Autre signe de l’intérêt du gouvernement pour ces diplômés : la présence du président Hu Jintao à une cérémonie marquant le 90e anniversaire de l’Association des anciens élèves à l’étranger. Le plus haut dignitaire du Parti communiste chinois avait même ouvert, pour l’occasion, les portes du palais de l’Assemblée du peuple aux 4 000 membres de l’association venus célébrer cet événement. Tout un symbole, quand on sait que c’est le le lieu où se rassemblent d’ordinaire les cadres du parti ou les loyaux soldats de l’Armée populaire de libération. Lors de son discours, Hu Jintao a rappelé le rôle capital joué par les élites formées à l’étranger, qualifiées de « force vitale de la Chine », dans le développement économique du pays.
Avec un taux de croissance annuel situé entre 7 % et 8 %, l’empire du Milieu est bel et bien en marche vers le capitalisme et offre de réelles perspectives de réussite professionnelle et financière. Il n’est donc pas étonnant que de plus en plus de Chinois décident de rentrer dans l’espoir de réaliser une brillante carrière.
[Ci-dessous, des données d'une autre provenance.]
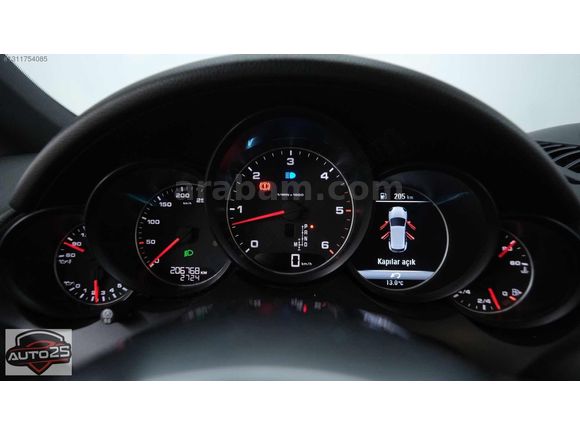 AUTO 25 DEN PORSCHE CAYENNE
La mauvaise conjoncture économique qui prévaut en Europe et aux États-Unis n’est certainement pas étrangère à l’accélération de ces retours, qui ont doublé entre 2001 et 2002. L’intégration de la Chine dans la communauté économique internationale, grâce à son entrée dans l’Organisation mondiale du commerce (OMC) à la fin de 2001, non plus. Le rêve chinois semble petit à petit prendre le pas sur le rêve américain.